Мутант с приглушённым рычанием пробует на вкус его слёзы, задевая щетиной. В ответ на малейшее сопротивление угрожающе касается кожи клыками, дыша в шею. В темноте обманчивая внешность больше не мешает замечать, сколько же в поведении того нечеловеческого.
Объятия и поцелуи Карл видел только в фильмах, раздобытых вопреки запретам Матери, и издалека на сельских свадьбах, куда никогда не звали покровителя похорон. Его язык любви — не убить, когда мог бы.
— Слабость... — шипит он под ухом Итана. — Я не потерпел бы её в том, на кого положился. Если бы не знал сам, каково тебе.
Вопреки всему, тот снова готов поверить. Заранее предугадывая ответ, не хочется спрашивать, что случилось с его собственной семьёй. И кошмары, мучающие после Луизианы, не впечатлят того, кто живёт в таком наяву. Но ещё...
— Тебя когда-нибудь предавали? — невольно вырывается у Уинтерса.
— Пока нет.
Глаза пылают гальваническими искрами. Итану становится больно в них смотреть. Как и любому, отвыкшему от яркости, но вряд ли всего лишь.
Крис казался ему хорошим человеком. Настоящим героем. То «прости» перед выстрелом он произнёс со всей тяжестью долга — но и с уверенностью некого большего блага. Вдруг с его стороны это так и было? Мия, бывшая пособница биотеррористов... да ещё и неизвестно, полностью ли вылечившаяся от заражения...
А теперь к нему липнет порождение той же чёрной дряни, не менее порочное и — он готов поспорить на что угодно — явно тоже прячущее где-то неподалёку бензопилу. И если придётся встать между ним и дочерью, всем сердцем, верным добру и любви, выбирая вторую... будет ли это предательством?
Он не знает. И не хочет знать. Он понимает только, что непрекращающимся флиртом, парадоксально одновременно похабно-грубоватым и грациозно-хищническим на пересечении двух сторон его природы — худшего от человеческой, лучшего от чудовищной — лорд отчаянно ищет подвох в том невозможном, что кто-то вообще согласился принять его протянутую руку.
— Советую всё-таки постараться выспаться, — начальственно велит Карл. — Иначе завтра может подвести реакция. Не увернёшься вовремя от атаки Миранды. Или от какого-нибудь вшивого оборотня.
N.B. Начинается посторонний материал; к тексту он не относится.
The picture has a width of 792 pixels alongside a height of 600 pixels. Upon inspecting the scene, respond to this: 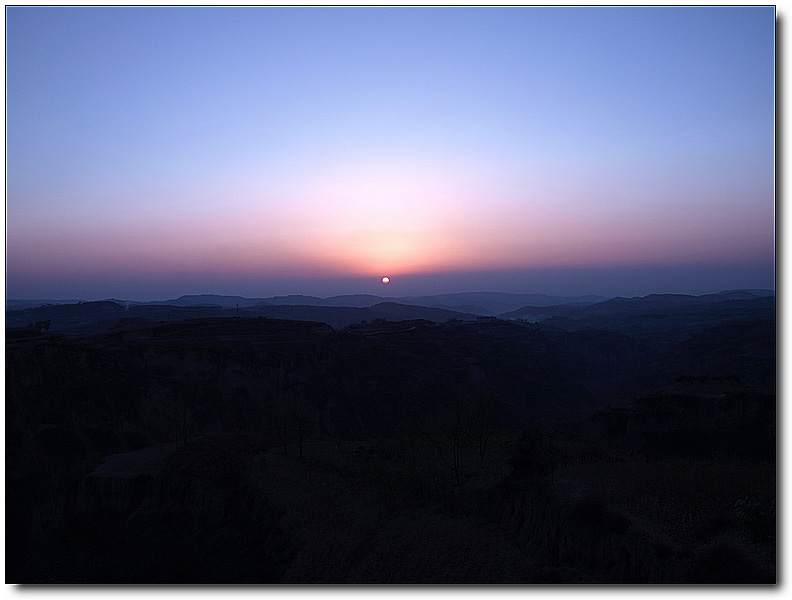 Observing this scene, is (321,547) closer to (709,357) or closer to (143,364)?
(143,364)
Или от лезвий.
— Каких ещё лезвий? — переспрашивает Итан.
— Ну мало ли кто что притащит на решающую битву. Нам нужно быть готовыми ко всему.
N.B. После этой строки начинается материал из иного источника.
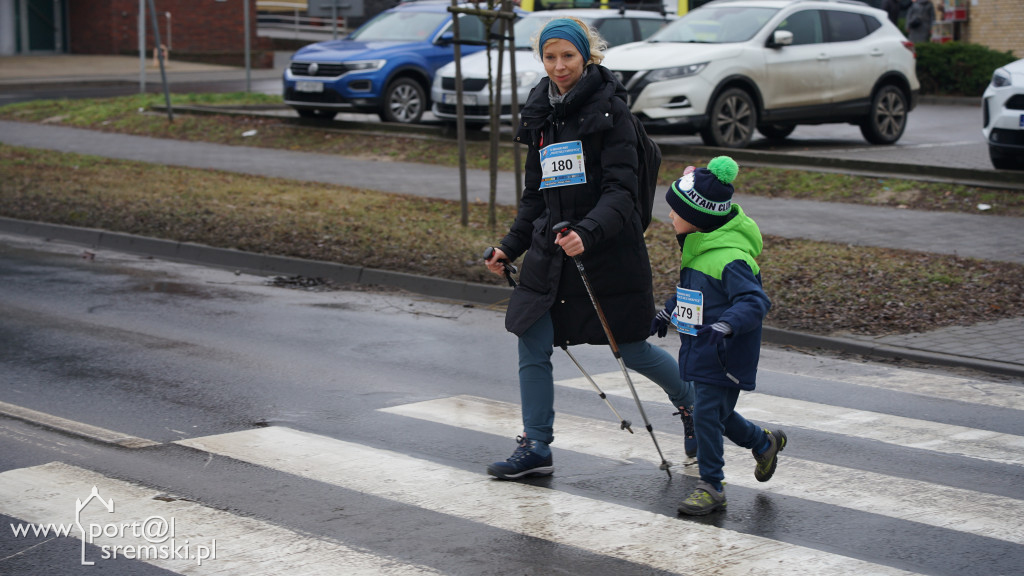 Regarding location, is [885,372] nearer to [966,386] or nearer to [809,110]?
[966,386]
Горечь в его голосе прорастает, как ядовитые цветы сквозь холодный серебристый снег в саду Беневьенто. От обдумывания сильно отвлекает скользящее по телу прикосновение, огибающее горло, а затем спускающееся посередине по груди и ниже.
«Поперёк или вдоль, Уинтерс? Так не хочется, чтобы это осталось твоим единственным выбором...»
Тот вовремя перехватывает руку:
— Ты сам-то сегодня спать собираешься?
Гейзенберг нехотя отстраняется. Итан вслушивается, как тот хрипло вздыхает, с хрустом позвонков разминает могучую спину и неподвижно сливается с темнотой — с вечной мглой Фабрики, полной неумолкающего тревожного гула. Но два горящих огня всё никак не гаснут.
Нет, до рассвета он точно не заснёт.